■ WHAT IS REQUIRED
Pictures stay out of the copy; output exactly the lines from the one containing "Welcome. My name" through the end of the material.

■ DATA
== Segment start ==
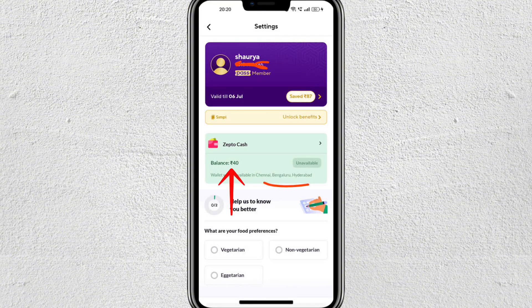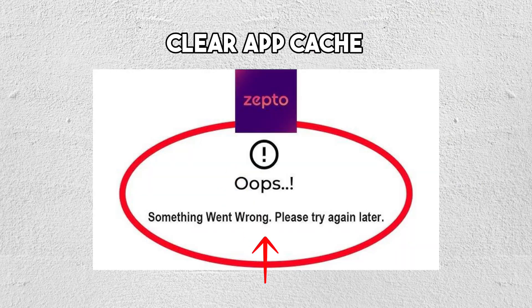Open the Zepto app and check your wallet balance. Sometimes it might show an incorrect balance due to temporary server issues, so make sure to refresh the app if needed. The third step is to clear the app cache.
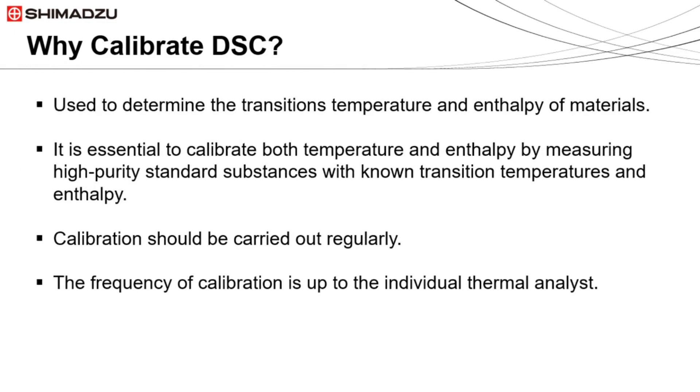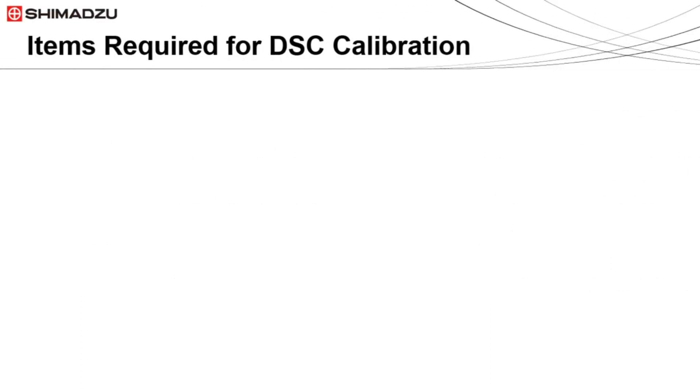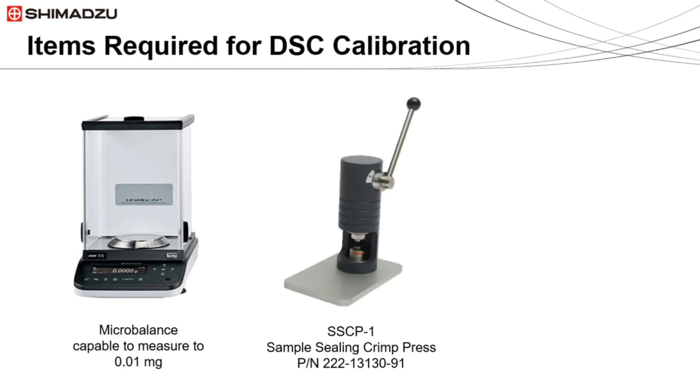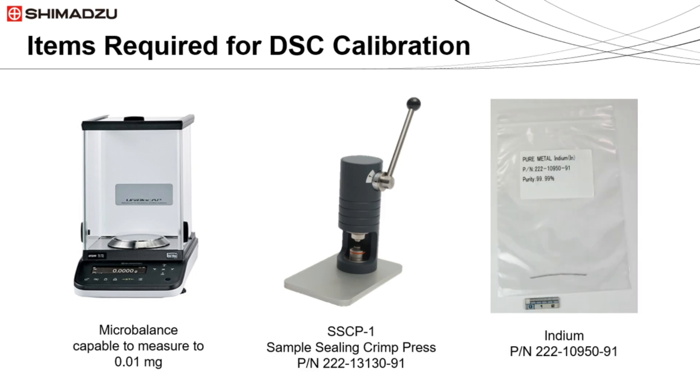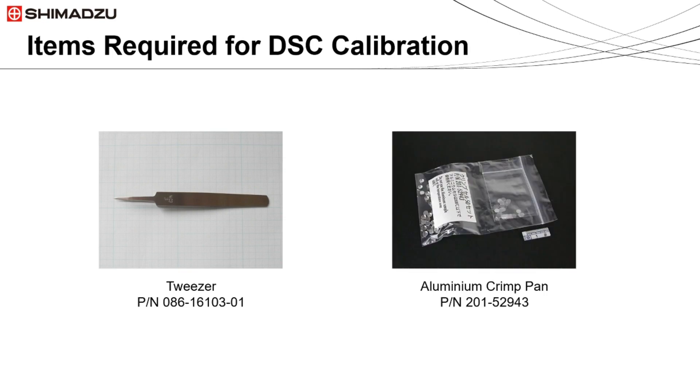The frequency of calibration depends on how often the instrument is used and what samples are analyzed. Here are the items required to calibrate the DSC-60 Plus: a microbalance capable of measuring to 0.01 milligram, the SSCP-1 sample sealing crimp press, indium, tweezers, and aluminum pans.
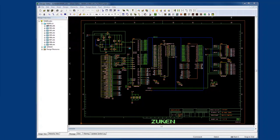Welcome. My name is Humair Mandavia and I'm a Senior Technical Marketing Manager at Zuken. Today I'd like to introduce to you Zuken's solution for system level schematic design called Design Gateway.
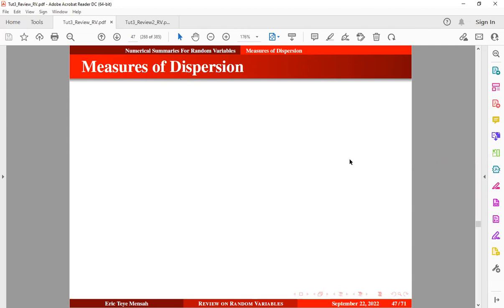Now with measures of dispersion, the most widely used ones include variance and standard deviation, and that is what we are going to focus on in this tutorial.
== Segment end ==
■ EXERCISE RESPONSE
Welcome. My name is Humair Mandavia and I'm a Senior Technical Marketing Manager at Zuken. Today I'd like to introduce to you Zuken's solution for system level schematic design called Design Gateway.
Now with measures of dispersion, the most widely used ones include variance and standard deviation, and that is what we are going to focus on in this tutorial.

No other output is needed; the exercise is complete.